Does he insist that the clock at the top of the mountain and the clock at sea-level are ticking over at the same rate as each other as determined by his observations or does he apply his knowledge of the Wallops Island experiment and general theory and realize that although the sea-level clock appears to be ticking over at the same rate as the mountain top clock it is physically ticking over at a slower rate?

An astronaut comes to a stop at the end of his outward-bound journey and notes the rate of operation of his clock.
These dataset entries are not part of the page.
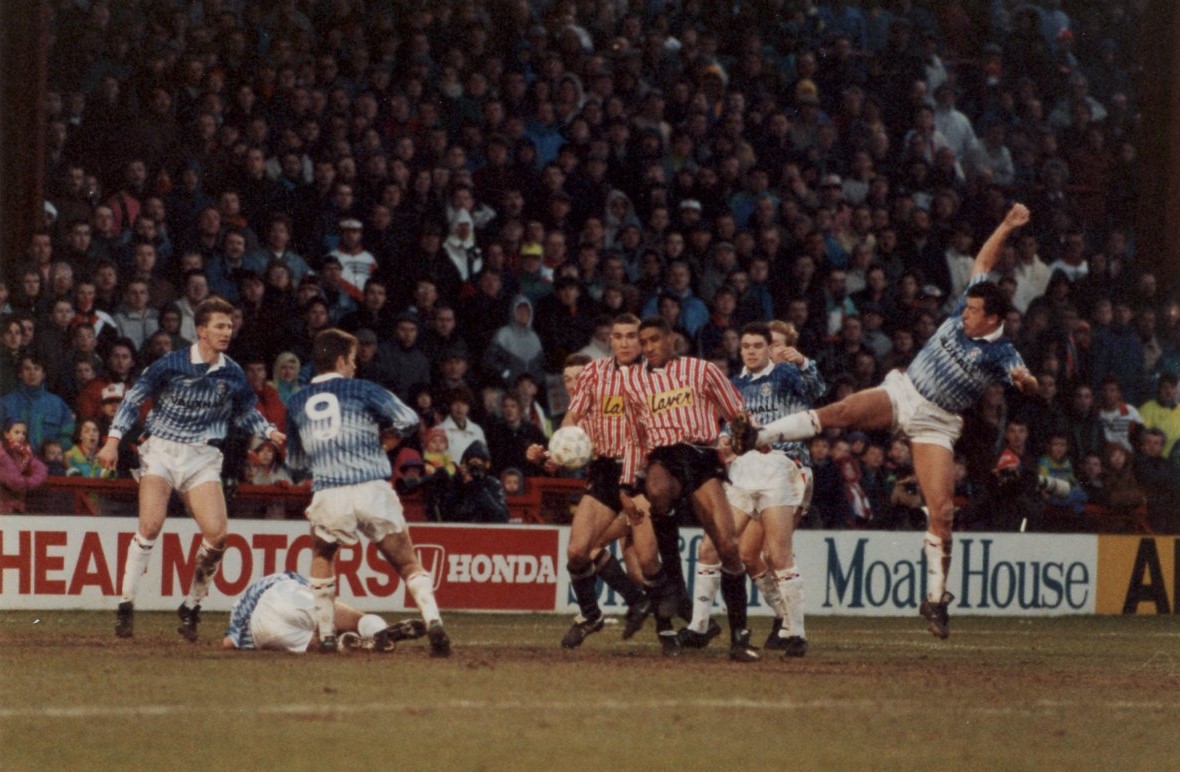 1990-91 Season DONE/Matches/M3941 Sheffield United v Luton Town/Photos/Anxious looks all around as P868 Darron McDonough jumps in for the ball.jpg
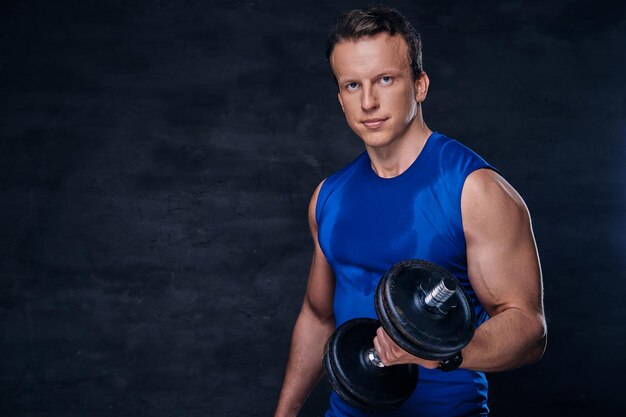 Handsome, athletic male in a blue sportswear holds the dumbbell over dark vignette background.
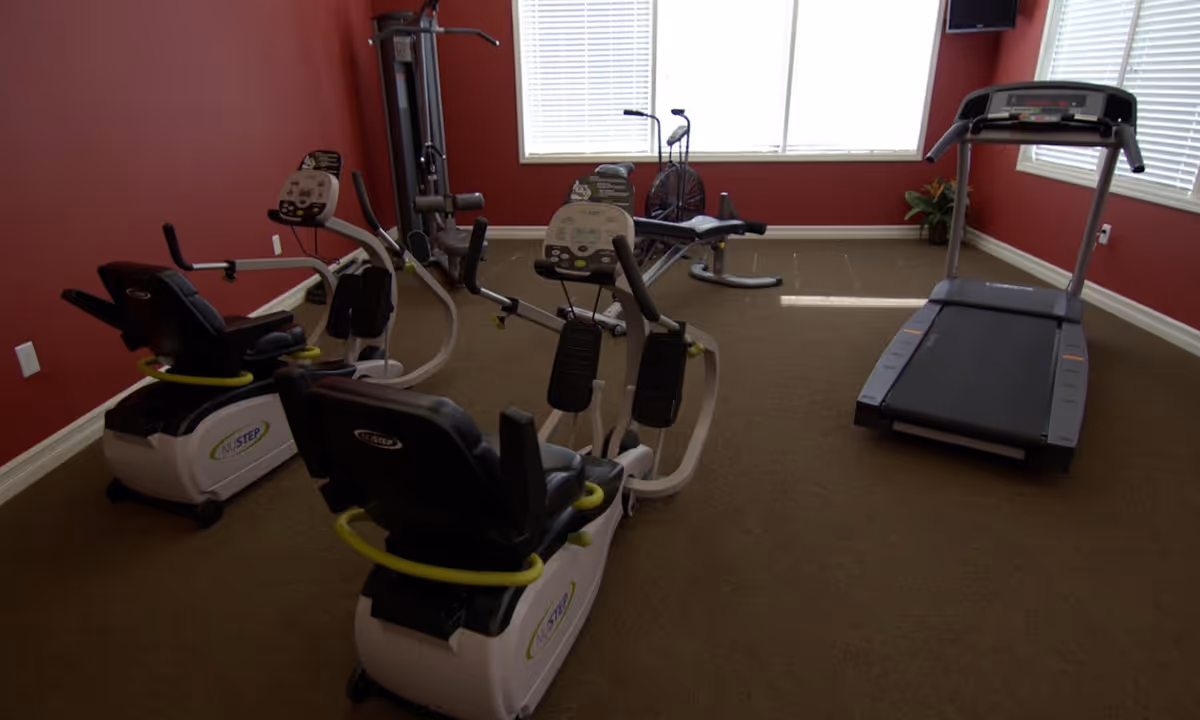 Exercise room with two NuStep recumbent cross trainers, a treadmill, and a multi-station weight machine against red walls and carpeted floor, with windows letting in natural light.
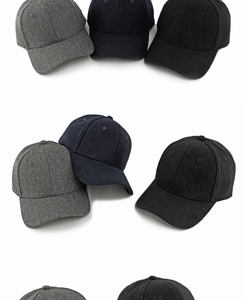 Detail of wool felt baseball caps showing texture in charcoal, navy, and black colors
He then accelerates and again looks at his clock which, although appearing to be ticking over at a normal rate, is physically ticking over at a slower rate than it was before he started accelerating in the same way that the above mentioned mountain-descending observer's clock ticks over at a slower rate than it did before he started moving.

My specific interest is in relation to what is physically happening to the clocks!
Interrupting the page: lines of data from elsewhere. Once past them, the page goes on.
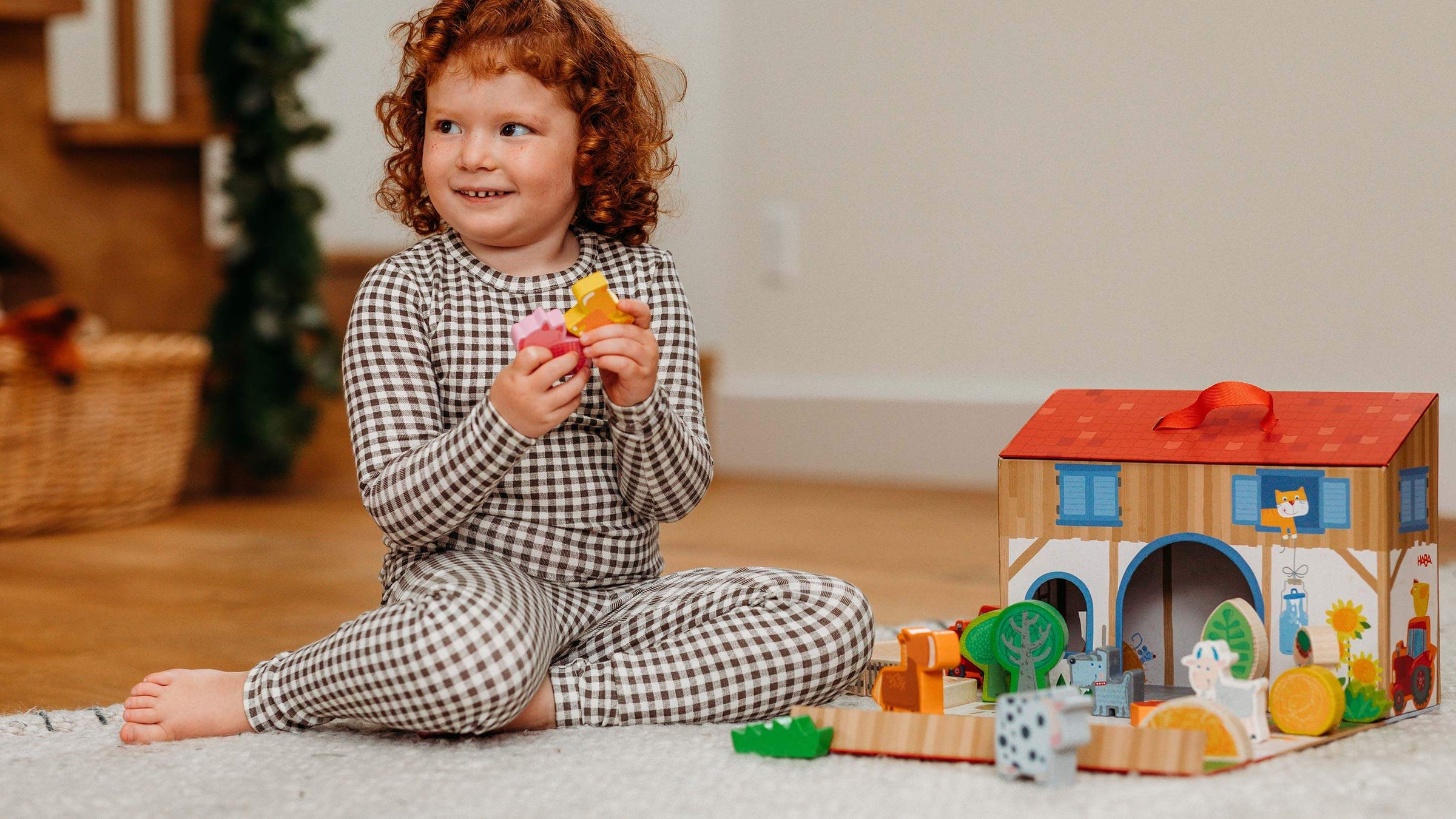 Child in checkered pajamas sitting on the floor with 2 wooden animals in her hand and HABA's Play World on the Farm next to her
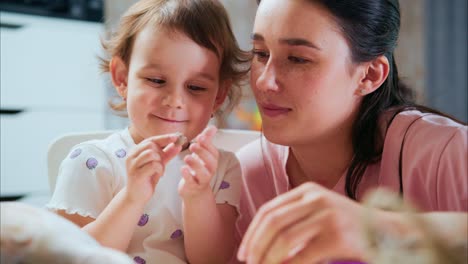 a heartwarming moment: mother and child bonding over colorful crafting activities, sharing laughter and creativity in a joyful learning environment at home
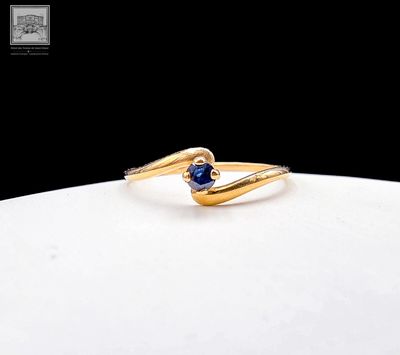 an image of a gold ring with a sapphire stone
Although I am of the opinion that this analogy is highly relevant it will most likely be emitted from your response as were the above-referred to salient points.

 

[Idjot]

Although I am of the opinion that this analogy is highly relevant it will most likely be emitted from your response as were the above-referred to salient points.

That's "omitted" not "emitted". You must have a non-qwerty board.

Sorry, I couldn't help myself.

 

[phyti]

JesseM post 187;

Since the initial distance between them is 12 light-seconds in this frame, it will take 12/0.8c = 15 seconds for B to catch up with A.

The shrinking distance is the alternate explanation by B instead of his time dilation. [.6*(20/.8)=15]

During this time A will advance forward by 15 seconds but B will only advance forward by 15*0.6 = 9 seconds.

Here you are applying time dilation twice! You have done this before on previous posts.

A is not moving at .8c, therefore his clock will not experience B's dilation, and B cannot apply his dilation to A's clock.